Die SPD-Fraktion im Verband Metropolregion Rhein-Neckar

Bedarfsanalyse “Regionalflughafen” vorerst gestoppt!

Veröffentlicht am 09.03.2012 in Metropolregion

Mit großer Mehrheit hat der Planungsausschuss der Metropolregion die Vergabe eines Gutachtens über den Bedarf eines neuen Flughafens für die Region Rhein-Neckar vorerst auf Eis gelegt. In einem gemeinsamen Antrag hatten die Fraktionen von CDU und SPD gefordert, den entsprechenden Punkt von der Tagesordnung abzusetzen, da vor der Vergabe eines Gutachtens, dessen Erstellung mit nicht unerheblichen Kosten verbunden ist, noch ein erheblicher Klärungsbedarf besteht.

Bereits im September 2010 hatten die beiden Fraktionen gleichlautende Anträge gestellt mit dem Inhalt zu klären, in welcher Dimension Bedarf für eine ausgebaute regionale Luftverkehrsinfrastruktur besteht. Seinerzeit gingen die beiden Fraktionen davon aus, dass die Bereiche Charter- und Frachtflugverkehr nicht in die Untersuchung mit aufgenommen werden, da diese Verkehre von der Region nicht gewünscht werden. In dem nun als Grundlage für die Vergabe eines Gutachtens von der Verbandsverwaltung erstellten sog. Pflichtenheft sind nun aber neben den unstrittigen Taxi- und Werkflugverkehren (Business-Aviation) ausdrücklich auch die nicht erwünschten Flugverkehre einbezogen.

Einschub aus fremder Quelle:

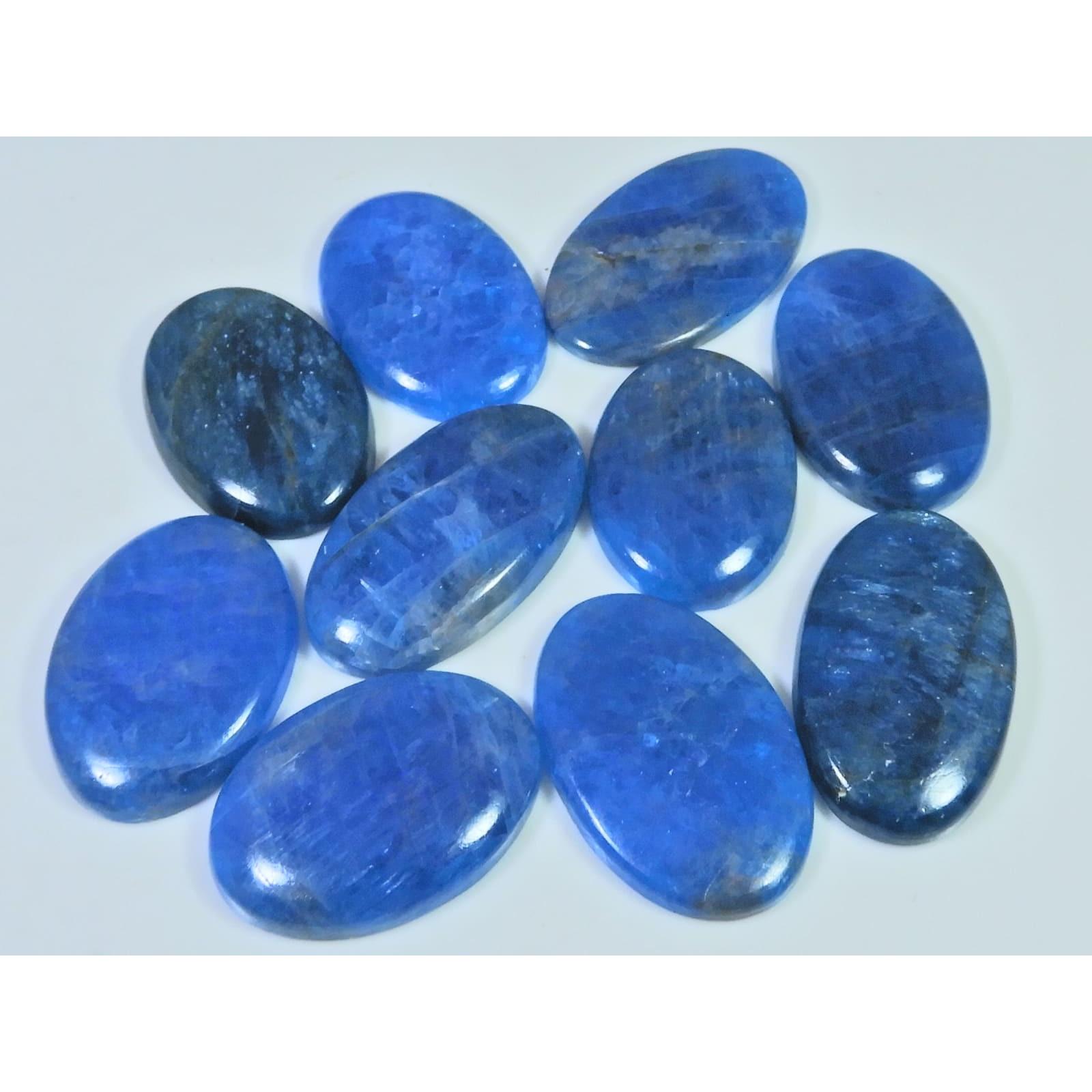 10Pcs Natural Blue Apatite Oval Shape Cabochon Loose Gemstone 320Cts. Lot C-2435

In einem Arbeitskreis mit insgesamt 8 Mitgliedern (CDU 3, SPD 2, FWV 1, GRÜNE 1, FDP 1) soll nun nach dem Willen von CDU und SPD vorab der Umfang eines eventuellen Gutachtens unter Einbeziehung der Leistungs- und Zukunftsfähigkeit der bereits vorhandenen (Speyer, Worms, Mannheim) aber auch der benachbarten (Frankfurt, Stuttgart, Baden-Airport, Saarbrücken) Flugplätze genau definiert werden.

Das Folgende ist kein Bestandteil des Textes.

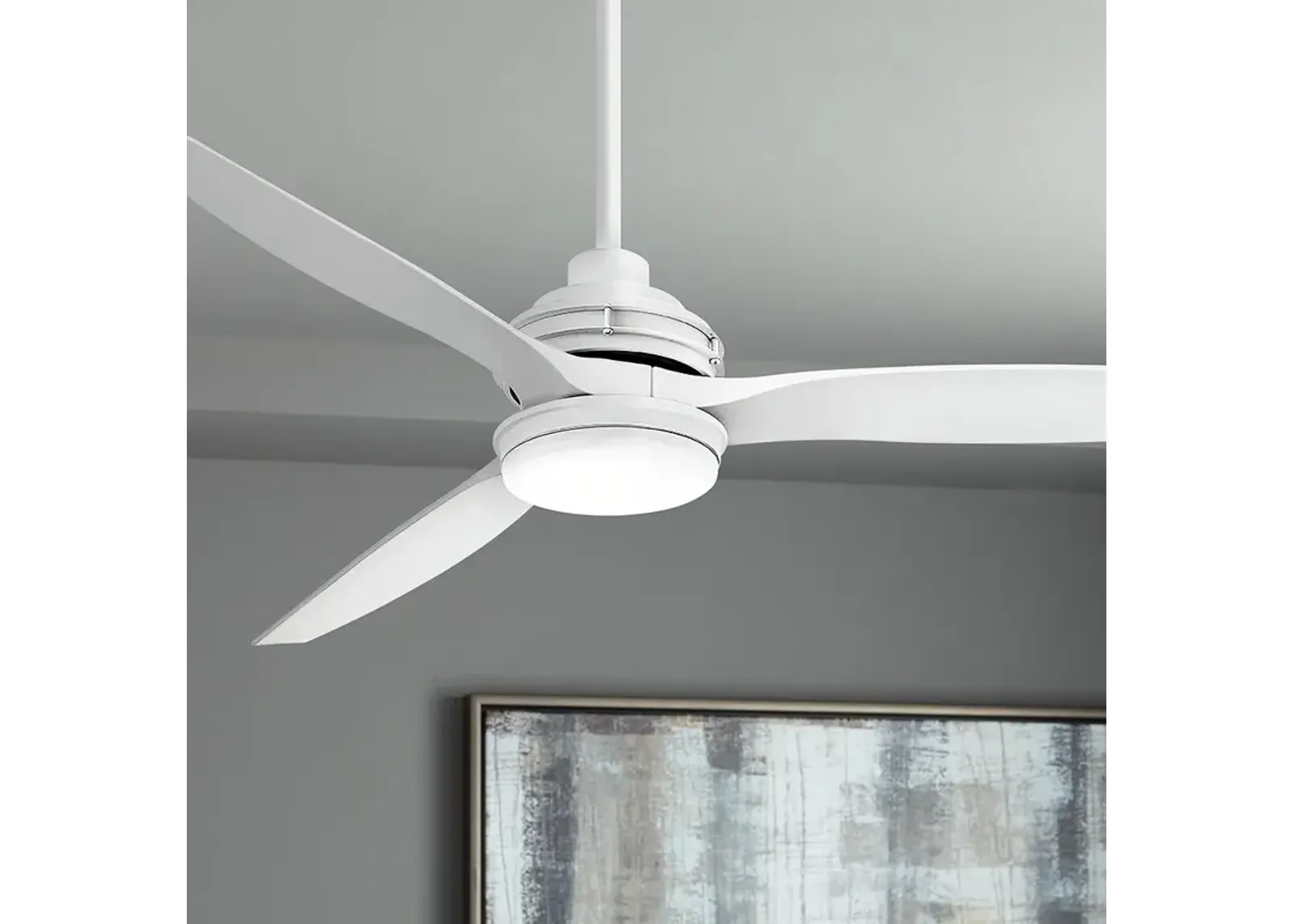 60" Hinkley Artiste Matte White LED Wet-Rated Smart Ceiling Fan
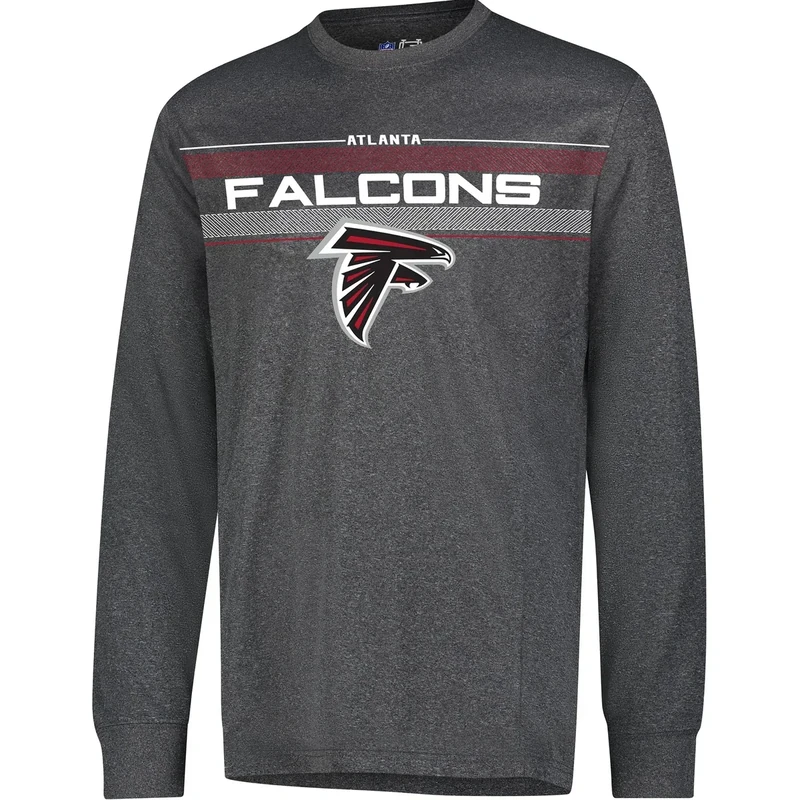 Ultra Game NFL Official Adults Super Soft Game Day Long Sleeve T-Shirt - Unisex, Atlanta Falcons, Heather Charcoal 24, X-Large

Mit der positiven Beschlussfassung über den gemeinsamen Antrag von CDU und SPD war darüberhinaus auch ein von der FDP-Fraktion gestellter Antrag vom Tisch, der zum Inhalt hatte, anhand eines “abstrakten” Flughafenstandortes nördlich von Mannheim mit direkter Anbindung an die Autobahn A 6 (man fragt sich ernsthaft, wo da noch von “abstrakt” geredet werden kann) nicht nur die regionalwirtschaftlichen sondern auch die volkswirtschaftlichen Auswirkungen in die Bedarfsanalyse mit einzubeziehen.

Seitens der SPD-Fraktion werden folgende Mitglieder bzw. Stellvertreter dem einstimmig beschlossenen Arbeitskreis angehören:

Matthias Baaß, Fraktionsvorsitzender (Stellv. Helmut Beck, Stellv. Vorsitzender Planungsausschuss)

Dr. Peter Kurz, Oberbürgermeister Mannheim (Stellv. Lothar Quast, Bürgermeister für Planen u. Stadtentwicklung Mannheim).